Éstas y muchas otras son las preguntas que los más lúcidos en nuestra profesión se hacen, o deberían hacerse, constantemente. Es obvio que el pasado siglo XX, que parece ya tan lejano, fue fecundo y dialéctico para el teatro, precisamente por las convulsiones que lo atravesaron y sacudieron de principio a fin. Y no hablo sólo de las dos guerras mundiales y alguna que otra más casera, o de la bomba atómica y la caída del Muro de Berlín, o de las gestas de los astronautas, o del fin de la Unión Soviética y tantos y tantos avatares. Me refiero a los contrastes de pensamiento, a las voces distintas, al principio en las últimas décadas de los previsibles movimientos migratorios a Occidente, a un imaginario lo bastante diversificado y a menudo feroz que generó múltiples dialécticas y corrientes de pensamiento. Los numerosos grandes autores de teatro, algunos proféticos, como todo buen poeta, intuyeron a lo largo del siglo lo que se avecinaba.
Y, por otro lado, el auge y empuje de nuevas tecnologías incorporó al teatro formas renovadoras y cierto gusto exagerado por la imagen. El teatro quería integrarse en el movimiento acelerado de cine, audiovisuales, experiencias pictóricas distintas, y buscar en ese nuevo escenario su lugar específico. Esto degeneró, en los ochenta y los noventa, en un protagonismo absoluto de la forma, en detrimento, claro está, del teatro de texto – que casi se ignoraba–, de propuestas de pensamiento crítico, de un debate sobre qué y cómo escribir en el cambio de siglo. De alguna manera, si las cosas se ponían feas en ese tránsito para todos, el teatro, minoritario y pequeño, padeció esa crisis de desplazamiento, de falta de identidad, con cierto repliegue de la dramaturgia escrita.
Creo obstinadamente que ese panorama está cambiando, y que ese cambio empezó precisamente en las dos últimas décadas del siglo pasado. De la confusión y el desconcierto generalizados ante el nuevo escenario económico, es decir, político, ante la globalización rampante y cada vez más agresiva en su aspecto más perverso, ante falacias como “el choque de civilizaciones” de Huntington o demás tonterías de los teóricos de este nuevo orden mundial, algunos autores empezaron a reaccionar a tiempo. Y comprendieron que, una vez más, como lo hicieron los griegos, como lo pensaba Shakespeare, y en el pasado siglo gentes como Beckett, Genet, Heiner Müller y Pasolini, el teatro, para sobrevivir, tenía que empaparse del entorno, malo o pésimo, en que nacía, apropiándose de las convulsiones que agitan la sociedad y convirtiéndolas en materia poética. Para muchos de esos autores, para los afortunadamente numerosos dramaturgos de hoy en día, el teatro debe siempre ser político, no puede ser de otro modo.
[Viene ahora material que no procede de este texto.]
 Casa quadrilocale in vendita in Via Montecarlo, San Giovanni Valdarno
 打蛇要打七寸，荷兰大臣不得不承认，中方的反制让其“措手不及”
Un teatro comprometido con la realidad

Siempre he procurado coger con pinzas ese concepto, que nos remite en el pasado a lecturas ortodoxas y cerradas de, por ejemplo, el teatro de Piscator y Brecht. Todo encasillamiento es peligroso y dogmático, y voy a tratar de desmontar ese prejuicio que suele calificar a cierto teatro como “político”, y por lo tanto, necesariamente épico, obligatoriamente didáctico, inevitablemente aburrido. Puede que en los años setenta, y sobre todo en los ochenta, ese prejuicio provocara un rechazo del teatro entendido como herramienta de debate y de reflexión  –lo que para mí define específicamente al teatro, político o no–, y, como he dicho antes, se llegara al extremo opuesto, a cierta desconfianza hacia la materia textual, en aras de la búsqueda de la imagen y el formalismo estético de aquellos grandes montajes de los directores-demiurgos de la época. Pero esa época pasó, afortunadamente, y desde finales de los noventa hasta hoy, nuevos y no tan nuevos dramaturgos demostraron con sus obras que se podía crear una materia dramática ligada a la realidad, bajo diferentes formas y estilos, que recogiera las turbulencias del cambio de siglo, que reflejara tanto en lo privado como en lo colectivo de sus distintas opciones las angustias o las esperanzas de una sociedad en proceso de cambio.
A ese teatro, a los autores de un teatro comprometido con la realidad, no sólo de forma realista, como se verá, sino también poética o metafórica, que emana del imaginario social, lo recoge y lo devuelve transformado en carne teatral, involucrándose como sólo el teatro puede hacerlo entre todas las artes con lo que realmente inquieta a la sociedad de su época, voy a referirme a continuación.
Prefiero, ante todo, citar una famosa frase de Jean-Luc Godard, que hace unos 20 años dijo, hablando por supuesto del cine: «Quiero hacer políticamente cine, no cine político». Esta frase, en apariencia simple, casi una ocurrencia retórica, me sigue pareciendo acertada y oportuna, y nos encamina a tratar de dilucidar cómo se inserta el teatro en estos tiempos convulsos, qué función tiene o debería tener, qué conexión con el mundo puede tener su representación de la realidad, filtrada por la mirada poética del autor.
Si algo me parece claro es que ninguna práctica artística puede desarrollarse y evolucionar al margen del entorno en que se produce, ni aislarse del contexto, histórico, sociopolítico y, por supuesto, cultural en el que nace. Aún menos la creación literaria, y en ella, de forma primordial, el teatro, lugar de encuentro directo y vivo del pensamiento del autor y el público. Como decía tan claramente Juan Mayorga en su Manifiesto de urgencia para el Día del Teatro de este año, si hay un arte político en el sentido clásico, histórico, del término de encuentro de la polis, es el teatro. Pensar hoy que un autor puede escribir aislado, según el concepto romántico, sin escuchar el ruido o los estímulos exteriores, parece no sólo absurdo, sino imposible.
El dramaturgo actual –y hay tantos ejemplos en las últimas dos décadas– se ha enfrentado al pensamiento débil o “único”, al avance espectacular y destructor de la televisión y de cierto cine fast-food –no todo, por fortuna–, a la irrupción de los medios audiovisuales, tecnológicos, a un hábito inducido con éxito al consumo visual y literario acelerado y confuso, para volver a encontrar un hilo, frágil al principio, más fuerte y definido ahora, entre la realidad en la que vive y su representación dramática. Una breve cita de Sarah Kane, autora emblemática de la última generación, sobre la que volveremos, puede servir para terminar este primer apartado: «Odio la idea del teatro como pasatiempo de las tardes. Debería exigir emoción y esfuerzo intelectual».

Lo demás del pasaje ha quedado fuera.